Ruben Andre Garcia, an adult film actor for the “GirlsDoPorn” website, has reportedly been sentenced to 20 years in prison and 10 years supervised release for participating in a human trafficking scheme.
#BREAKING GirlsDoPorn actor Andre Garcia sentenced to 20 years in prison and 10 years supervised release for his role in human trafficking scheme, significantly more than the 12 years feds recommended and 7 years he asked for
— Bianca Bruno (@BiancaDBruno) June 14, 2021
“GirlsDoPorn actor Andre Garcia sentenced to 20 years in prison and 10 years supervised released for his role in human trafficking scheme, significantly more than the 12 years feds recommended and 7 years he asked for,” Courthouse News reporter Bianca Bruno tweeted Monday.
Bruno added that during his sentencing hearing, Garcia “gave a short apology where he called the porn industry an ‘evil business,'” and said that “more than 20 Jane Does gave gut wrenching impact statements for the past few hours.”
In December 2020, as part of a plea deal, Garcia admitted that he worked from 2013 to 2019 as a “recruiter and adult film performer for GirlsDoPorn and GirlsDoToys adult websites,” according to the FBI.
As part of the trafficking plot, Garcia, along with co-defendants Michael James Pratt and Matthew Isaac Wolfe, fraudulently coerced young women to appear in sex videos that were initially presented to them as modeling opportunities, according to a local news report. The videos were then posted online, without the victims’ permission.
The allegations and details of the case are disturbing. As the DOJ press release announcing Garcia’s guilty plea in December details, the women – who were often coerced and intimidated into making sex videos even after saying they didn’t want to – suffered physical injuries. Video shoots, held in hotel rooms or other short-term rentals, often took several hours, not the 30 minutes Garcia had initially promised them. Exits were blocked by camera and recording equipment, and if the victims changed their mind about participating in the video, Garcia and his co-conspirators threatened to sue them, cancel their flights home, or post the footage that was already filmed online, “which, unbeknownst to the victims, was going to happen anyway,” the DOJ said.
Garcia not only recruited young women from across the U.S. and Canada to participate in videos that he promised would never be posted online, but he also paid other young women to act as “references” for the websites, believing that potential victims “were more likely to believe other young women.” According to the DOJ, these references falsely reassured reluctant victims that no one would find out that they were in the videos, and they were paid for each victim they tried to recruit (and more for getting them to agree to film a video).
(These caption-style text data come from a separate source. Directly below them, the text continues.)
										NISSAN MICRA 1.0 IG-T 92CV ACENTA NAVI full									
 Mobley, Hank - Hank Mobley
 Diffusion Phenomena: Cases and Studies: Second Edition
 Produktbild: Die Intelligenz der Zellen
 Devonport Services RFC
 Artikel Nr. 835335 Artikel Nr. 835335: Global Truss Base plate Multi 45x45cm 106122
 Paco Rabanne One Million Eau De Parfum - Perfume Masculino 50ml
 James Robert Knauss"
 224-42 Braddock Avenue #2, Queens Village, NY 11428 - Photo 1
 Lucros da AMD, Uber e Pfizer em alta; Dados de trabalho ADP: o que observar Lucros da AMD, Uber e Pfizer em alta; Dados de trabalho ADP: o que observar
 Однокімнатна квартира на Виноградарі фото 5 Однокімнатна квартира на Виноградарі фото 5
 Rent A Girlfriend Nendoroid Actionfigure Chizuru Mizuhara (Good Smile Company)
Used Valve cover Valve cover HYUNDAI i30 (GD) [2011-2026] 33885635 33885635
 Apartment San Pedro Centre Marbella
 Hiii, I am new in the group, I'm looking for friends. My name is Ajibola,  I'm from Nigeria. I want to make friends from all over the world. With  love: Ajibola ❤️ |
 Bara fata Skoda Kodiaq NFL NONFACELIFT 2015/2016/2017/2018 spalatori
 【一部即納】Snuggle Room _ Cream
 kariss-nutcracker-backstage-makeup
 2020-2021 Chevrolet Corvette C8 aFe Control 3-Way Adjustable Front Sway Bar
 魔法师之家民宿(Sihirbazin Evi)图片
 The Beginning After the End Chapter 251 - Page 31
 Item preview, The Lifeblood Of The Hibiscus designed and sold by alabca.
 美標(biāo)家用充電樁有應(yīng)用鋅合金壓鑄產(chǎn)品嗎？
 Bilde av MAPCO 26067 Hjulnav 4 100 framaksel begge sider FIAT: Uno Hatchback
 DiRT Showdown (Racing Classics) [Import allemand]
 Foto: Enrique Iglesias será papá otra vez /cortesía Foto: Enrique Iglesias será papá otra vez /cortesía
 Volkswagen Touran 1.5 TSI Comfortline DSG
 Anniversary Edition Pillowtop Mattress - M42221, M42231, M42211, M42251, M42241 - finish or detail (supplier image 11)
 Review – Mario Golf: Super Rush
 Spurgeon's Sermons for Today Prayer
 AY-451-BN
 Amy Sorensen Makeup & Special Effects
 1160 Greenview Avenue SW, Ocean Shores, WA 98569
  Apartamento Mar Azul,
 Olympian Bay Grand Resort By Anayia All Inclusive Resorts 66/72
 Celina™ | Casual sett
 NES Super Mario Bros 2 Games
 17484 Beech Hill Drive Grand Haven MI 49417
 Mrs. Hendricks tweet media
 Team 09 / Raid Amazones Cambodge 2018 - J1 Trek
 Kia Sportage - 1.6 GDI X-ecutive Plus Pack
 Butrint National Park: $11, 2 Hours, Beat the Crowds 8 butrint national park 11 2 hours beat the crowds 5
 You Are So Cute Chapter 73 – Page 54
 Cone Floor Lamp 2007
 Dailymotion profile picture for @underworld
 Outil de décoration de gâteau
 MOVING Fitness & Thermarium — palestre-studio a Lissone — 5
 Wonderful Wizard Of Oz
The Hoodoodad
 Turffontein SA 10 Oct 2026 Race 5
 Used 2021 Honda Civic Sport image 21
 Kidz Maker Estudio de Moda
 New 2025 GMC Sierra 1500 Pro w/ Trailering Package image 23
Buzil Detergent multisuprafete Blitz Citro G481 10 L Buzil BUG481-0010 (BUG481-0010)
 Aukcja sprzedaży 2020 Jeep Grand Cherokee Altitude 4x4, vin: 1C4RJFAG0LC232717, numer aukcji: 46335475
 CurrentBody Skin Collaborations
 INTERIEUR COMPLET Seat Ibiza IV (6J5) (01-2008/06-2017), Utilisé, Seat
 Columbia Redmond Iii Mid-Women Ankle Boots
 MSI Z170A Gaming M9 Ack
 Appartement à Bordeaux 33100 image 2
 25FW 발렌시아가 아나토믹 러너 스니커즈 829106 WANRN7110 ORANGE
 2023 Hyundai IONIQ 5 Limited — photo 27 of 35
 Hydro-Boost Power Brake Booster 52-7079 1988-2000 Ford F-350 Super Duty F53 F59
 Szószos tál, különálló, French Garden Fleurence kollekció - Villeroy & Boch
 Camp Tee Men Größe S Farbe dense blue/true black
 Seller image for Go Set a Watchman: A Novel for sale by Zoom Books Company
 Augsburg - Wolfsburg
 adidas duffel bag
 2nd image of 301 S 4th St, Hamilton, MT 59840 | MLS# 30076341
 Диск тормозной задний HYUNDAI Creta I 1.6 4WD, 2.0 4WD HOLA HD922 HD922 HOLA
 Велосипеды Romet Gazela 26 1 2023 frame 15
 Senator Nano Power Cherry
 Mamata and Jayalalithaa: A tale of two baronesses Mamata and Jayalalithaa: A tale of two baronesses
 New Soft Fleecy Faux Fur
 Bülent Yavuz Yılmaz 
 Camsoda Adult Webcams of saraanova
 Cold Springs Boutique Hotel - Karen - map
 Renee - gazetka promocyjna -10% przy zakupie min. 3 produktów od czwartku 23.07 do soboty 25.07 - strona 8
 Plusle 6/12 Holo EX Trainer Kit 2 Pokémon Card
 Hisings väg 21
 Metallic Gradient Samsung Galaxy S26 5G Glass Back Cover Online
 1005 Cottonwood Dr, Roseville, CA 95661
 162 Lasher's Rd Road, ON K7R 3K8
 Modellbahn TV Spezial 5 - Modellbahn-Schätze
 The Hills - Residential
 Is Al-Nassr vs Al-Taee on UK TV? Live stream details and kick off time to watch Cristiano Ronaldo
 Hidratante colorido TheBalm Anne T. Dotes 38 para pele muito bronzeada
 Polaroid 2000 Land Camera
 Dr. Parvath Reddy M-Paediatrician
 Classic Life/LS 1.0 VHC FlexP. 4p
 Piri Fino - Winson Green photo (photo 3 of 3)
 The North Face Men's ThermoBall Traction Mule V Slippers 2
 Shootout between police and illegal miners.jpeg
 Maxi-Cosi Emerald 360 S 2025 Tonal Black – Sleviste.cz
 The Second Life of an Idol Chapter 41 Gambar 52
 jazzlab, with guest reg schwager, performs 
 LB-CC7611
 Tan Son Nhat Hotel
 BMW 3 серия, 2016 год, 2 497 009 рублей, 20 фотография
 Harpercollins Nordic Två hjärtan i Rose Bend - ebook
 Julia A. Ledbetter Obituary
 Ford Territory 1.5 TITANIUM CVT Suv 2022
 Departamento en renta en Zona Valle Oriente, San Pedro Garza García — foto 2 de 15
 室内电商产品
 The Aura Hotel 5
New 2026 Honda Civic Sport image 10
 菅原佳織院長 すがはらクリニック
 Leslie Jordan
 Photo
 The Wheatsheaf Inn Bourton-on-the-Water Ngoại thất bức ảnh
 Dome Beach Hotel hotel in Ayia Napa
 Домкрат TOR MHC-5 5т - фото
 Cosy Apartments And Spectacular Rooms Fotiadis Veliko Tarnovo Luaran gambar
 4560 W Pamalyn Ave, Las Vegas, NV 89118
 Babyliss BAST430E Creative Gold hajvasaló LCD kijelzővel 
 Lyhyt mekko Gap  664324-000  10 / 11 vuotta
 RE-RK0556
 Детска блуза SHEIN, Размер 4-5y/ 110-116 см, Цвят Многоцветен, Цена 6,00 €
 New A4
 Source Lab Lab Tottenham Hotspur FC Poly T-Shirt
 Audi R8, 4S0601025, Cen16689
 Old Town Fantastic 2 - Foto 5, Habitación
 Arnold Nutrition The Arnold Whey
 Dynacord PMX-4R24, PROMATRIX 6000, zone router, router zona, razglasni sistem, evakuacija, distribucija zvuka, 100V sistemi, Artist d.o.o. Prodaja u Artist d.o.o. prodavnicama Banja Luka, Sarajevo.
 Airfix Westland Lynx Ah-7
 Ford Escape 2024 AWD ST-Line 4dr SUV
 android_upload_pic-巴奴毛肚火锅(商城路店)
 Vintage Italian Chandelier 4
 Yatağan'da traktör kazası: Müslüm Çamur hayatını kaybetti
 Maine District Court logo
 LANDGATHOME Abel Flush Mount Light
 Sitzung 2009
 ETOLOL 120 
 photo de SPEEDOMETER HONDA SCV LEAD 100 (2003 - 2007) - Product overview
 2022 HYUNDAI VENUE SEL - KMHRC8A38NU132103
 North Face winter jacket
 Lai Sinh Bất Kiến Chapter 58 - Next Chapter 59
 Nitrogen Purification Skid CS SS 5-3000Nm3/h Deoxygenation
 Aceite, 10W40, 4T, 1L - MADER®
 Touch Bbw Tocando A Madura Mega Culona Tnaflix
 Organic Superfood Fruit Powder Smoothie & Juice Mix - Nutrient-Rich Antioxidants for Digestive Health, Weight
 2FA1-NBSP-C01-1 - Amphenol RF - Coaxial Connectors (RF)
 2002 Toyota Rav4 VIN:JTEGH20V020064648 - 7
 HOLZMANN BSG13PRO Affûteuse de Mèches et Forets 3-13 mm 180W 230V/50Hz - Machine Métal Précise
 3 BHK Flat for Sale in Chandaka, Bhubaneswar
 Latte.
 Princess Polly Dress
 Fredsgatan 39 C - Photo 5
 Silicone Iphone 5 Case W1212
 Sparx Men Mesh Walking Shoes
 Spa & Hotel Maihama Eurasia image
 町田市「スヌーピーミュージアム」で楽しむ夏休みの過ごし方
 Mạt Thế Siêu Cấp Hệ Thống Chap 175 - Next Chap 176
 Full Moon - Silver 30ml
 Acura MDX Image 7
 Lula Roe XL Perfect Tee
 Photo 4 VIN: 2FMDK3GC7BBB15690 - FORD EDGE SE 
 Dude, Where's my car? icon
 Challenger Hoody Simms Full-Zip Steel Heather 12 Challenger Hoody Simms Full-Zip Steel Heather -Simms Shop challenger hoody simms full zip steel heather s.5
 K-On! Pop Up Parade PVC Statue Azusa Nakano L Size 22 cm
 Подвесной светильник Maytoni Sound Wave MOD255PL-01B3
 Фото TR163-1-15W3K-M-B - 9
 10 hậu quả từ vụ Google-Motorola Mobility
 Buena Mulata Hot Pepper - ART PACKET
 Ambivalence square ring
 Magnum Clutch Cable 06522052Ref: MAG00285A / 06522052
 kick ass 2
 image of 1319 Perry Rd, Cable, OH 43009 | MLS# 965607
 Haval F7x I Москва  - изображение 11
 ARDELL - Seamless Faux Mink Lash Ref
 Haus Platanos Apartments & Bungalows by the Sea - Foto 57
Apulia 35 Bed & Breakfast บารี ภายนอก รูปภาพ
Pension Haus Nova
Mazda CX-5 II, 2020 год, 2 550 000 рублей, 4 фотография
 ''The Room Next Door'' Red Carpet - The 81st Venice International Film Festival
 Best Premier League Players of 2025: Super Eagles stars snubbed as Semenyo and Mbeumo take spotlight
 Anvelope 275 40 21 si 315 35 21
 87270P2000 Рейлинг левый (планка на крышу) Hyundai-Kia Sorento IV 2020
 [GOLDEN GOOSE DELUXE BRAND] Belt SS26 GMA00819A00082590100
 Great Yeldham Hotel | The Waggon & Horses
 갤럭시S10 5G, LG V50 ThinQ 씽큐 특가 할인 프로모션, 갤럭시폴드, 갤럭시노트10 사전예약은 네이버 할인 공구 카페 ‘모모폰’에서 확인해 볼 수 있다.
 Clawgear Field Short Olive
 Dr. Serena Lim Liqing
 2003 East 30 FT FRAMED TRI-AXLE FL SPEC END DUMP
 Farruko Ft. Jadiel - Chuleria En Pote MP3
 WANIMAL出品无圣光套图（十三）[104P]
Garcia himself was paid “a commission for each victim that he recruited on top of an hourly wage for his time,” according to the DOJ. Garcia also admitted that he and his co-conspirators used aliases and companies with misleading names so that the victims couldn’t make the connection to the GirlsDoPorn website.
Meanwhile, the videos were posted to the GirlsDoPorn and GirlsDoToys websites, as well as PornHub, one of the world’s most heavily-trafficked porn sites, according to the DOJ. The videos generated millions of dollars for the websites, and many of them were viewed millions of times.
Other employees, including a former bookkeeper and a cameraman, have also pleaded guilty. Pratt, who ran the website, is currently listed as a “fugitive” and is wanted by the FBI.